Honoring the Producers

You spent hours fussing over your hair and make-up. You brought out that outfit you expended hours to choose, paired with the shoes and handbag you bought to match. Putting on that expensive perfume, you walked into the living room and ask your waiting partner:

“How do I look?”

“Let’s go, we’re late.”

What is ‘good tea’ and why objective definition is important
How does that make you feel? Or if you are the one on the other end, what trouble did you get into?

Imagine that you are a tea producer. You spent a lifetime honing your art, learning how to vary the intensity of the ‘zuoqing’ in line with the weather or the condition of harvested leaves. You spent sleepless nights, baking tea leaves in the charcoal furnace, not nodding off a single second lest whatever effort expended thus far be for naught if the leaves are over-roasted.

When you present your labor of love to a tea drinker, you ask “Good stuff eh?”

“Good or no good, it doesn’t matter. If you like it, it is good.”

How does that make you feel?

Honor the masters by learning to discern good quality tea.

Forget sob stories of how families are sustained by your tea purchase- many of them are untrue anyway- tea producers work hard to produce the tea, they deserve appreciation not charity.


Quality Does Not Equate to Personal Preference

“Her expression transformed before his eyes, her young features hardening with all the detached composure of a seasoned ER doctor dealing with a crisis.”

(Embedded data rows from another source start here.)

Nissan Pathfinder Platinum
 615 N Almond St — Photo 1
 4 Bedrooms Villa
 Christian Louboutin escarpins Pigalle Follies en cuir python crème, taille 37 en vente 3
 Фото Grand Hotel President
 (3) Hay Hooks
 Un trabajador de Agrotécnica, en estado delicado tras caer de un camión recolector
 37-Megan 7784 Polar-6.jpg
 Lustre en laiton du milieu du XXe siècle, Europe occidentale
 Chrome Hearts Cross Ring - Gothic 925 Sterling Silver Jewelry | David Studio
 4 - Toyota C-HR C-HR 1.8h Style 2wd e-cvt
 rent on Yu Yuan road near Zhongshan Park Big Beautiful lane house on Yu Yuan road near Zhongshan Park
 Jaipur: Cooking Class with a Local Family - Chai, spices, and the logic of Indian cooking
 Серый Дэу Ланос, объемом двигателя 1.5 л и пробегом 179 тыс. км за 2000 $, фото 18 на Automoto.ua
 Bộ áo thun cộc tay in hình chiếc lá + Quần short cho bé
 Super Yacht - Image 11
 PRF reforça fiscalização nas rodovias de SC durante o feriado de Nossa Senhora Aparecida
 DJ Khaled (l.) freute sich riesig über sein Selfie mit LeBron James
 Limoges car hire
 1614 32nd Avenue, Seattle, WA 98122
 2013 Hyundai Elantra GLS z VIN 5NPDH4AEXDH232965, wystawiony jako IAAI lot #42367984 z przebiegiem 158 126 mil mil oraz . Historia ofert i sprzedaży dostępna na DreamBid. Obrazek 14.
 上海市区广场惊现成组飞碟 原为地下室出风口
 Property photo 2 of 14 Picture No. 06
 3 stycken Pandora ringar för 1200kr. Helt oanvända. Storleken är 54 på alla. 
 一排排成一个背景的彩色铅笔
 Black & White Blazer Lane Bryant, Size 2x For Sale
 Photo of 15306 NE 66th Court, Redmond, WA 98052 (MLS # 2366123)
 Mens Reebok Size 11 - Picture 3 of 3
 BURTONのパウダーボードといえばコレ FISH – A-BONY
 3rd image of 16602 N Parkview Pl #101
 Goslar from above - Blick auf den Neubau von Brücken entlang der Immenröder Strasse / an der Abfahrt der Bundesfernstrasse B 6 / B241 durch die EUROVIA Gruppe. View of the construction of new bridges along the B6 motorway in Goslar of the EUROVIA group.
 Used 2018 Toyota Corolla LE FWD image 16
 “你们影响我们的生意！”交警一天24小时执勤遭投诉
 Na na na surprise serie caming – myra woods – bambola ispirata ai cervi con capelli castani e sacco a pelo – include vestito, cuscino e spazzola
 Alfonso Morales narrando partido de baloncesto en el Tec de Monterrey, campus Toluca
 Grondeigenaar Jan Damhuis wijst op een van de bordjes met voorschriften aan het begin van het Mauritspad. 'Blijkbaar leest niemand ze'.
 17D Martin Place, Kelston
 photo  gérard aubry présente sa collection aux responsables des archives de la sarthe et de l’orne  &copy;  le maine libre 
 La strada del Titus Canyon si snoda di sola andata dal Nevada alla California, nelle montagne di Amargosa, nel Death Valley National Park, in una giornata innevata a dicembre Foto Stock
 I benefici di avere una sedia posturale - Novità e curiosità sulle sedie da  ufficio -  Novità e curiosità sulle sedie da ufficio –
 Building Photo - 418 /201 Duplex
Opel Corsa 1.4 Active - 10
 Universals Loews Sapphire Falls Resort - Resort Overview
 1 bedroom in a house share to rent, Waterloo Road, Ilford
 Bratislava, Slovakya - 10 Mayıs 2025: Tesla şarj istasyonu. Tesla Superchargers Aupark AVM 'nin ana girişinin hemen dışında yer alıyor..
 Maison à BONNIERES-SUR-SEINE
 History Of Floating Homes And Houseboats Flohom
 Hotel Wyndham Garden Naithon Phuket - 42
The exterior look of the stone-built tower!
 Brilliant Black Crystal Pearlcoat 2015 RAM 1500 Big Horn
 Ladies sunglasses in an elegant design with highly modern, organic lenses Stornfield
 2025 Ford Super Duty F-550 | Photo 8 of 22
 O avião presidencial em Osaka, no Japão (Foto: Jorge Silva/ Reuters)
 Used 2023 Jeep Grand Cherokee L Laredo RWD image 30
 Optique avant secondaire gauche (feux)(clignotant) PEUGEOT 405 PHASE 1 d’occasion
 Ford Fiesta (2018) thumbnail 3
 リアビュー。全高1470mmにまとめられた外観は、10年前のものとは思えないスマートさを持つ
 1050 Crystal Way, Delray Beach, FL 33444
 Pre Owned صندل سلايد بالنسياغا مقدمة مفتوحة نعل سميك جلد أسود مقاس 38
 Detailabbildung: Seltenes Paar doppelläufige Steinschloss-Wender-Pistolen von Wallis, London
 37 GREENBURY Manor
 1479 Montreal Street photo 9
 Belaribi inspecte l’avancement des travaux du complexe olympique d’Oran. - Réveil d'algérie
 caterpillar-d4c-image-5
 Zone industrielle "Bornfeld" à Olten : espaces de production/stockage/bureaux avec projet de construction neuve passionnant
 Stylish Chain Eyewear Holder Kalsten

“Her compensation for a sixteen-hour workday was learning the ropes in the trenches with a seasoned politician.”
You probably recognize the iconic writing of Dan Brown from the two sentences above. I am certain even his most ardent supporters would not defend his prose, but with 80 million copies of the Da Vinci Code being sold, I doubt Mr. Brown loses any sleep over critics.

At the same time, the John Banvilles of this world, despite their perfectly crafted prose, would not come anywhere near to Mr. Brown’s sales.

Just because something is of a superior quality does not mean everyone has to like it.

Sophisticated Palate?

Staying on the example of literature, people read for different motivations. To some people, fiction is associated with long flights, in which case the Ken Folletts would work better than James Joyce. That is not to say readers of the former are necessarily intellectually inferior to fans of the latter.

In the same way, people who can tell the difference between Gande, Xiping and Xianghua Tieguanyin ought not to look down on those who sip Assam CTC. Tea means different things to different people- it can be an obsession for some, it can be a mere after meals beverage for others, to each his or her own. One tea can be esteemed higher than another, but not the drinker.

There is superior quality tea and mediocre tea, but that says nothing of the drinker, just a matter of personal preferences.